The year 2017 is an important one for the Swiss banking sector. As of January 1st, the country’s financial institutions are now obligated to share banking information. This new regulation effectively ends Switzerland’s reputation as a tax haven. The collection of data begins this year, and information will be shared with other countries come 2018.
No More Swiss Bank Secrecy
Switzerland has been a global financial hub for several decades now. Unfortunately, the country has also acquired a bad reputation over its bank secrecy, as financial institutions were not obligated to share banking information with other countries. But thanks to the Multilateral Convention on Mutual Administrative Assistance in Tax Matters, that situation has come to change.

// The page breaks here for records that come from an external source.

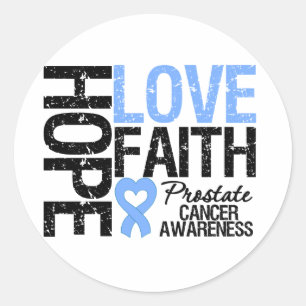 Prostate Cancer Hope Love Faith Classic Round Sticker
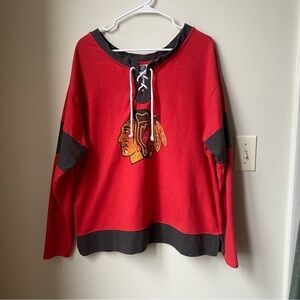 NHL Red and Black BLACKHAWKS Hockey Sweatshirt size XL 16/18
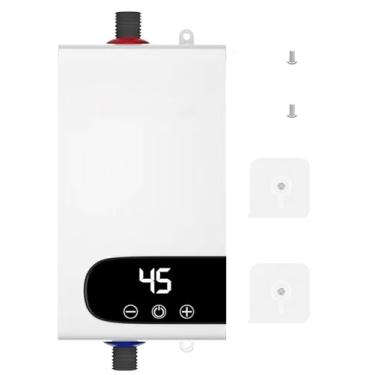Imagem de Aquecedor de água sem tanque elétrico embaixo da pia, aquecedor de água quente portátil de 3500 W com display digital, aquecedor instantâneo sob demanda para cozinha/banheiro, design compacto de 110 V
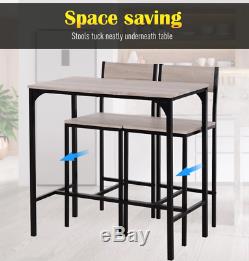Industrial Bar Table Breakfast Space Saving Kitchen Compact Set 2 High Stools
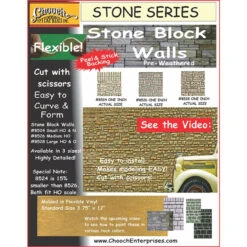 Chooch 8528 - Flexible Stone Block Wall Large - HO / O Scale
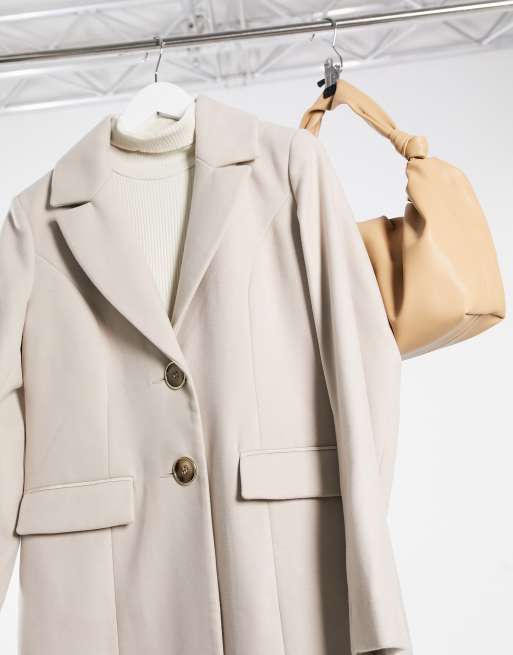 Beige slim 2025 fit longline coat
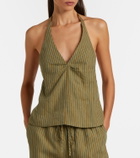 Staud Corso striped halterneck linen top
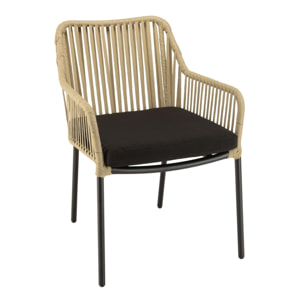 MALO - Lot de 2 fauteuils cordage couleur naturelle coussin assise noir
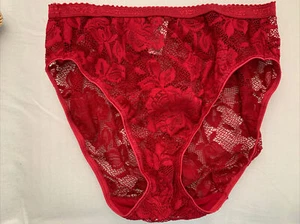 Vtg. Victoria’s Secret Panties High Leg Brief See Through Red Lace Medium 90's - Picture 1 of 6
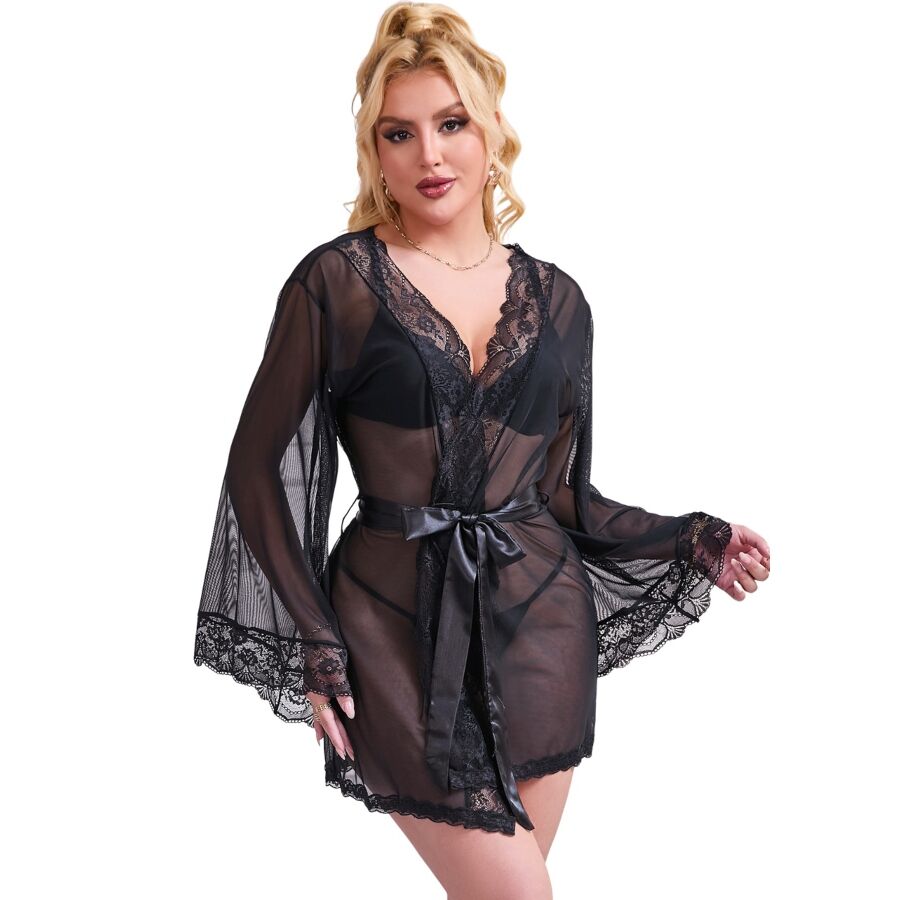 SUBBLIME - TRANSPARENT FABRIC ROBE WITH LACE DETAIL BLACK S/M - Happytoys Sexshop: online sex shop for Feeling Happy & Easy 😊 - Discreet geleverd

To be specific, Switzerland only shared information with countries it had a deal with to prevent double taxation. A very awkward structure that allowed for the creation of shell companies and tax evasion. However, the Swiss government acknowledged something had to change back in 2014, when they signed this convention. In 2015, the deal was approved by the Swiss parliament.
Although this new “treaty” is designed to reduce tax evasion and money laundering through Swiss banks, some of the roadblocks are still present. If an account holder is suspected of tax evasion, but the information to back up this claim is “stolen”, the country will not cooperate with the investigation. This is somewhat understandable, albeit it can make specific investigations all the more difficult.
Countries who have signed agreements with Switzerland will no longer need to request data on their citizens’ bank accounts in the country. All of these details will be shared with other parties once a year. However, it will not be made public, and the information can only be used for tax collection efforts and no other criminal investigations.
It is important to keep in mind this new treaty will still pose challenges for developing and poor countries looking to obtain this information. Since most of those regions do not meet the resources to fulfill the conditions for an automatic information exchange, they will have a hard time getting any response from the banks whatsoever. Richer European countries, as well as Australia, Japan, and Canada, will be able to reap the benefits from this automated process.
In the end, the new treaty is a positive development, even though its effect will be minimal. Tax evasion through a Swiss bank account will become a lot harder for European residents, whereas it may become even easier for people living in developing regions. A step in the right direction, but the execution of this information sharing agreement goes to show a lot of work still has to be done.